What I Hated the Least Today 218/365: New Workstation

What I Hated the Least Today 218/365: New Workstation

All new and nice
All new and nice

I’ve been arguing with my workstation for months on end before I decided to ditch it and get me a new model.

I couldn’t find a ready-made desk of the size I needed and with the specifications I wanted, so I went extravagant and got my new desk custom-made. It cost about the same as a regular one from the shop. It’s a more spacious and more ingenious copy of my old desk. The desk maker (cabinet maker?) proved to be a man of great insight and fantasy, because he managed to read my crooked hand-drawn sketch of my desired desk and make it just as I wanted.

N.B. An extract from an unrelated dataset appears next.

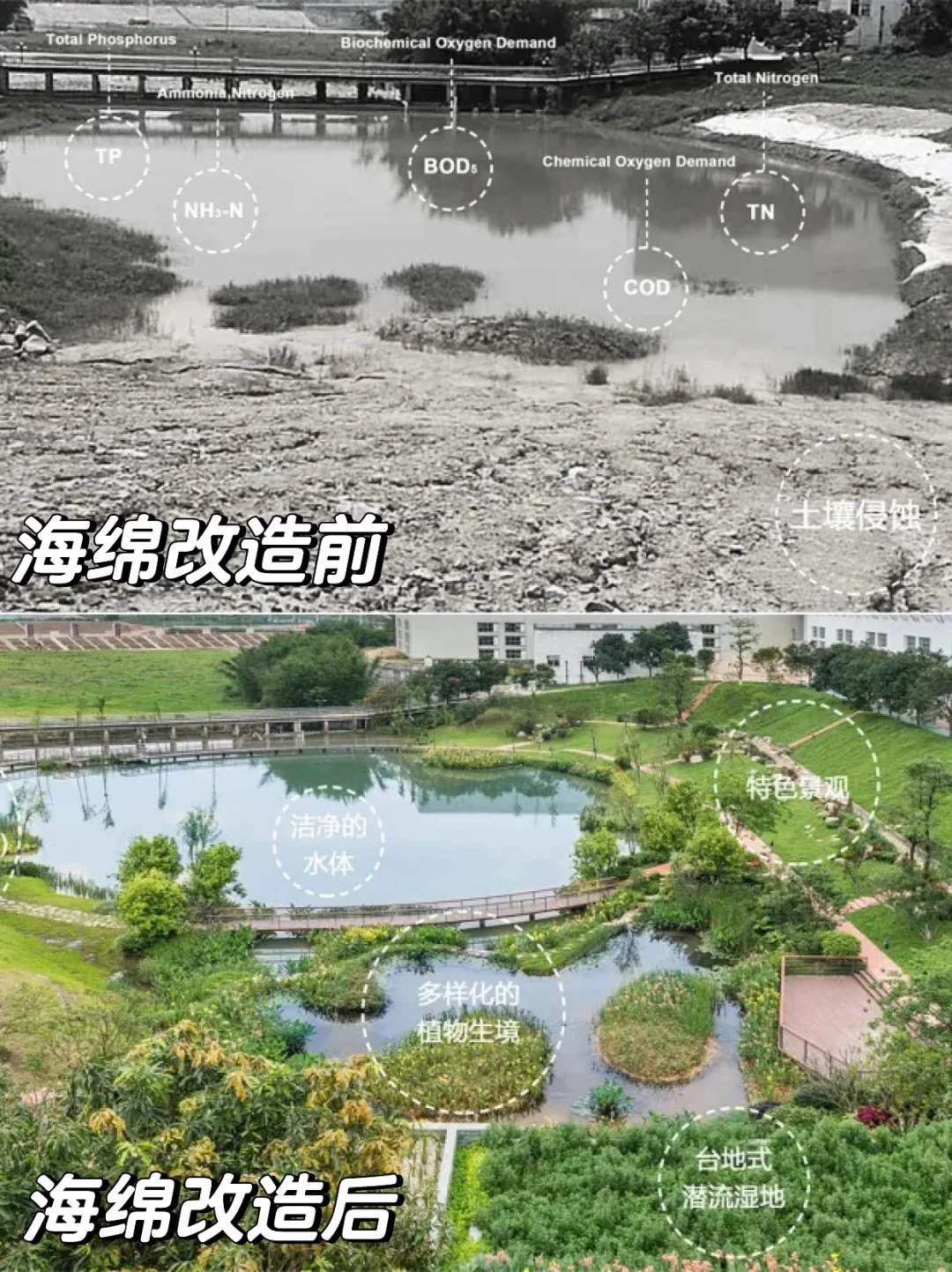 低本高效海绵方案：广东清远飞来峡海绵公园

My new chair I didn’t get custom-made but got it online. It’s quite badass and allows for a number of different positions. I like positions. I take weird positions on my chair, typically sitting cross-legged or squatting. I’m weird. I didn’t explain why I didn’t want armrests to be mounted on the chair when the guys brought it in and assembled it for me. Armrests aren’t compatible with the cross-legged position.

The best thing about everything is that I miraculously managed to get rid of the old furniture for half its original price. I was advised a good site for second-hand items trading and I sold both the old chair and the old table in quite a short time. I even sold the old chair before I got the new chair, so I spent three days crouching precariously on a foldable stool. I consider myself lucky that I didn’t break any bone or lose any teeth while using it. Something to hate the least today.